──────── Task input

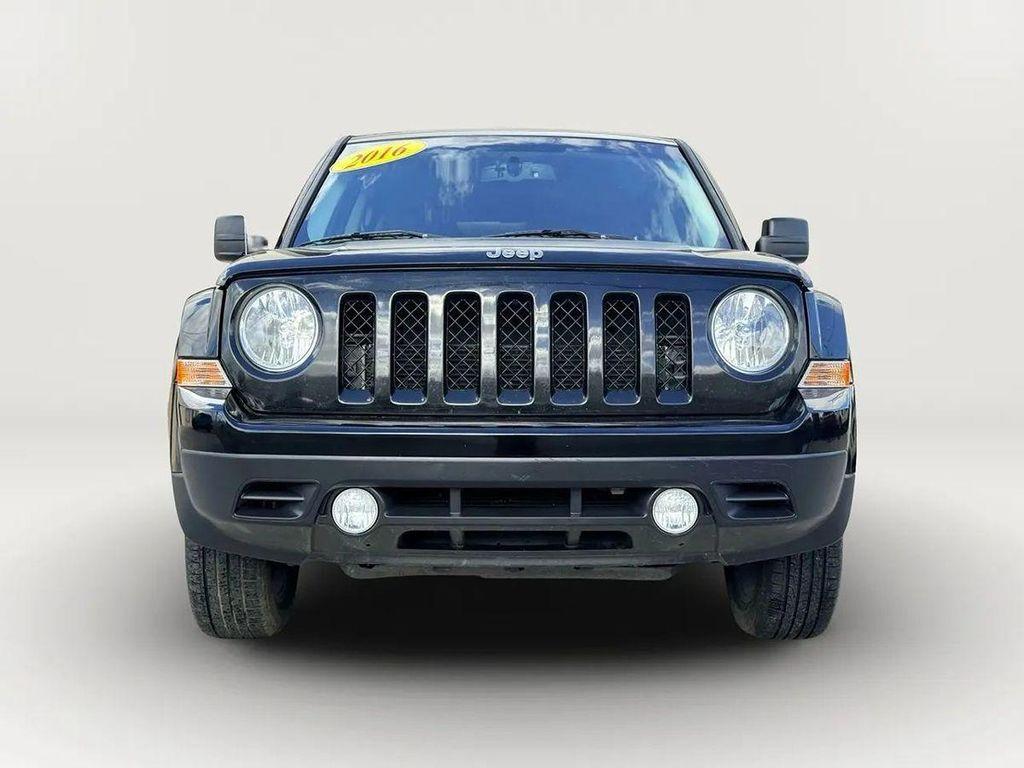 used 2016 Jeep Patriot car, priced at $7,995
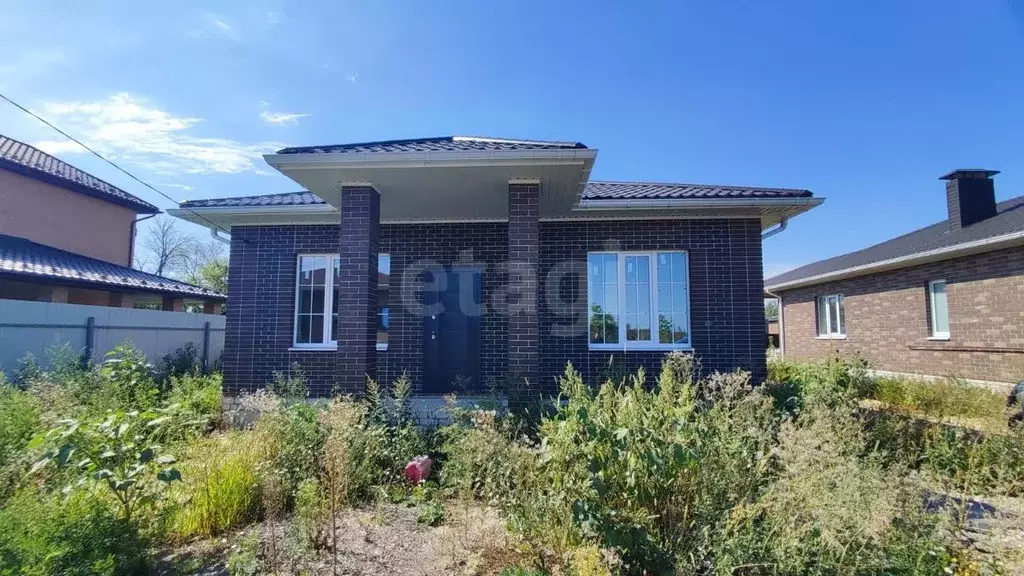 Дом в Воронежская область, Новоусманский район, с. Бабяково ул. ... - Фото 1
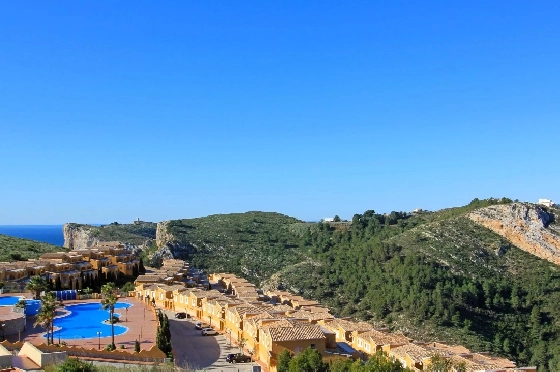 Apartment in Cumbre del Sol zu verkaufen, Woongedeelte 190 m², 2 Slaapkamers, 2 Badkamers, ref.: BS-82447648-10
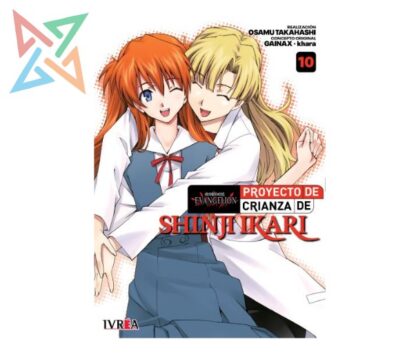EVANGELION: PROYECTO DE CRIANZA DE SHINJI IKARI 10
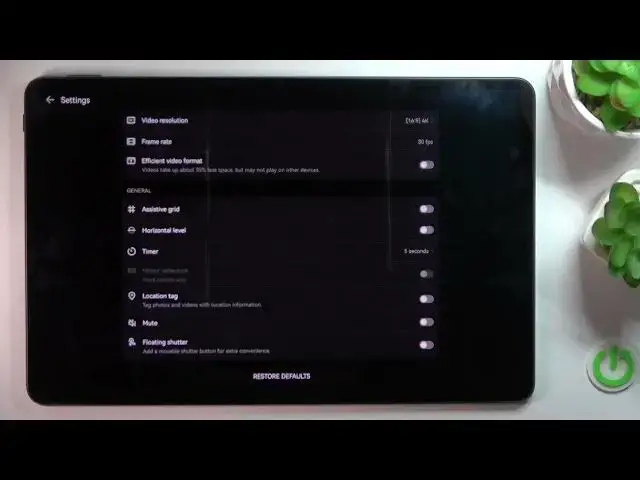'Video thumbnail for How to Reset Camera Settings in HUAWEI MatePad Pro 12.6 – Restore Default Configuration'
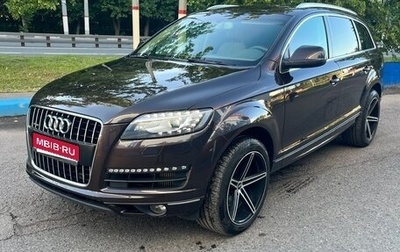 Audi Q7, 2012 год, 2 350 000 рублей, 1 фотография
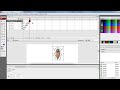 image Membuat Animasi Frame By Frame Dengan Adobe Flash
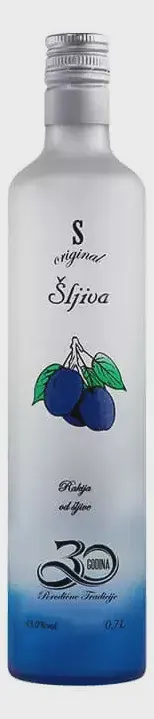 RAKIJA ŠLJIVA 43% 0.7L SIMEX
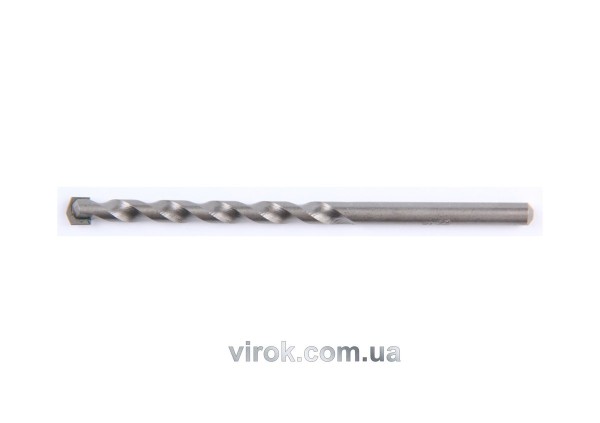 Свердло по бетону, цеглі STHOR : Ø= 6 x 100 мм. S4 для дрилі [200/1000]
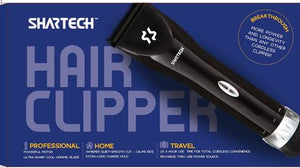 Shartech cordless clipper set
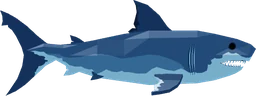 Ginsu Shark
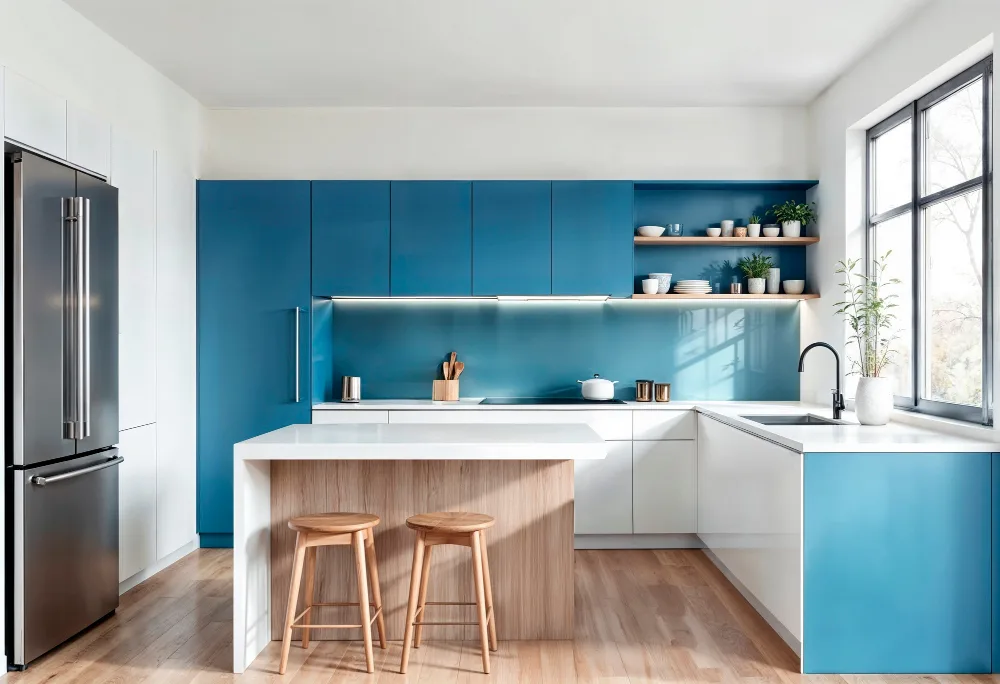 Kitchen Cabinet Painting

────────────────

Work request: What is needed is a word-for-word copy of the lines from the start of the data to the line with "Свердло по бетону, цеглі", inclusive, with no pictures in it.

Worked solution:
 used 2016 Jeep Patriot car, priced at $7,995
 Дом в Воронежская область, Новоусманский район, с. Бабяково ул. ... - Фото 1
 Apartment in Cumbre del Sol zu verkaufen, Woongedeelte 190 m², 2 Slaapkamers, 2 Badkamers, ref.: BS-82447648-10
EVANGELION: PROYECTO DE CRIANZA DE SHINJI IKARI 10
'Video thumbnail for How to Reset Camera Settings in HUAWEI MatePad Pro 12.6 – Restore Default Configuration'
 Audi Q7, 2012 год, 2 350 000 рублей, 1 фотография
 image Membuat Animasi Frame By Frame Dengan Adobe Flash
 RAKIJA ŠLJIVA 43% 0.7L SIMEX
 Свердло по бетону, цеглі STHOR : Ø= 6 x 100 мм. S4 для дрилі [200/1000]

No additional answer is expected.